[[ EXTRACTED ENTRIES, beginning ]]

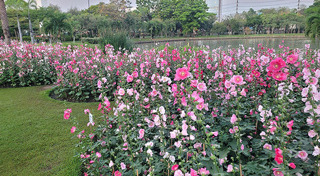 ทุ่งดอกไม้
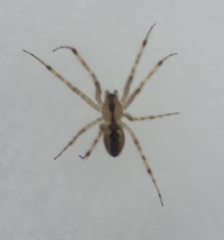 Pityohyphantes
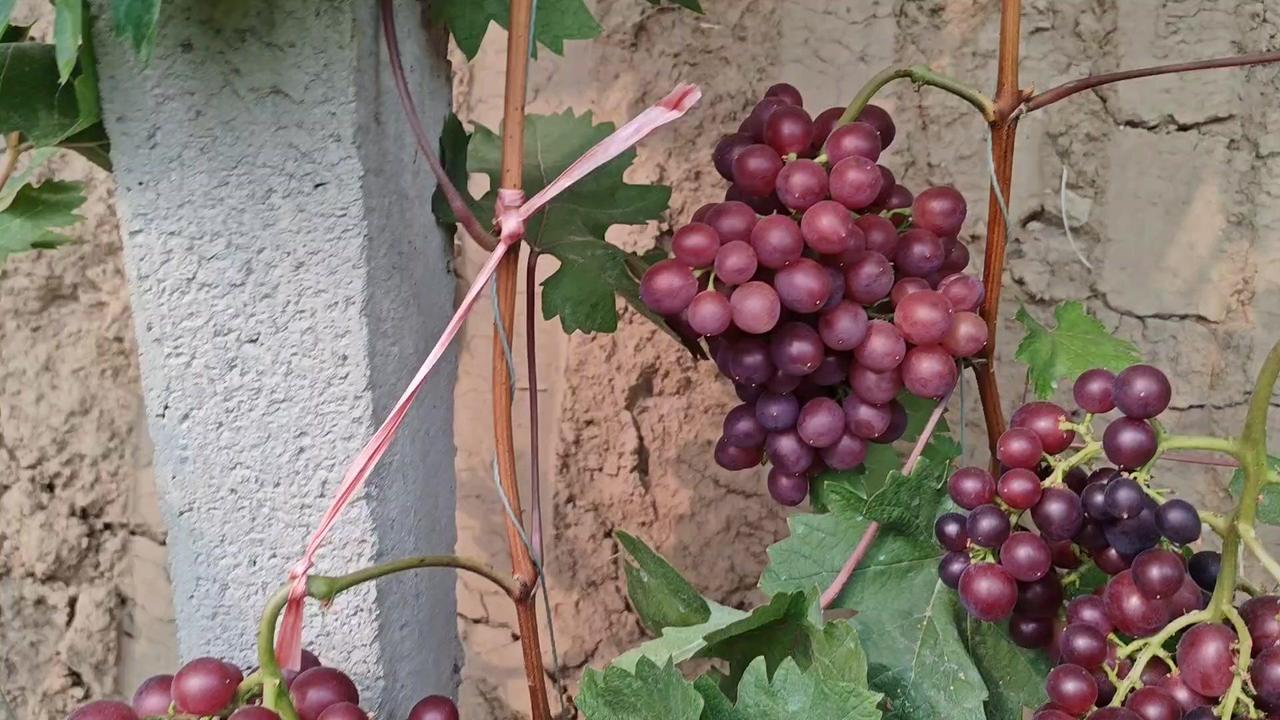 🍇春红4号和3号的早熟葡萄差异太明显了！
1️⃣**4号优势**：暖棚里已完全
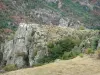 Gorges du Chassezac - Parois rocheuses et végétation des gorges granitiques ; dans le Parc National des Cévennes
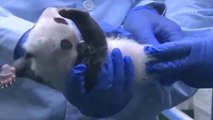 Cachorritos panda que te haran morir de la ternura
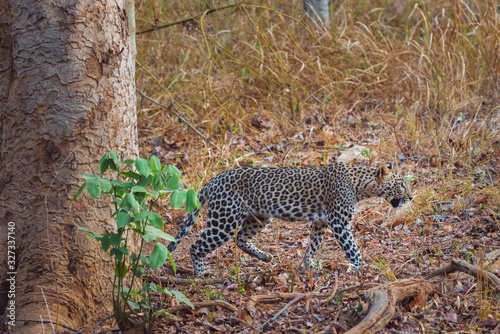 Leopard in Nagzira National Parl photo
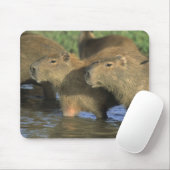 Capybara, Hydrochaeris hydrochaeris), werelds Muismat (Met muis)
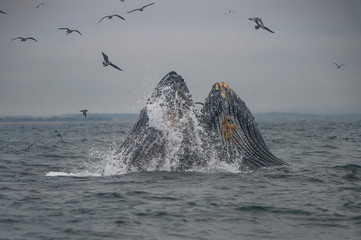 Humpback Whales in feeding frenzy Pacific Coast California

[[ EXTRACTED ENTRIES, end ]]

**PROBLEM TO SOLVE**. Make a word-for-word copy of the records above, excluding all pictures.

**WRITTEN ANSWER**.
 ทุ่งดอกไม้
 Pityohyphantes
 🍇春红4号和3号的早熟葡萄差异太明显了！
1️⃣**4号优势**：暖棚里已完全
 Gorges du Chassezac - Parois rocheuses et végétation des gorges granitiques ; dans le Parc National des Cévennes
 Cachorritos panda que te haran morir de la ternura
 Leopard in Nagzira National Parl photo
 Capybara, Hydrochaeris hydrochaeris), werelds Muismat (Met muis)
 Humpback Whales in feeding frenzy Pacific Coast California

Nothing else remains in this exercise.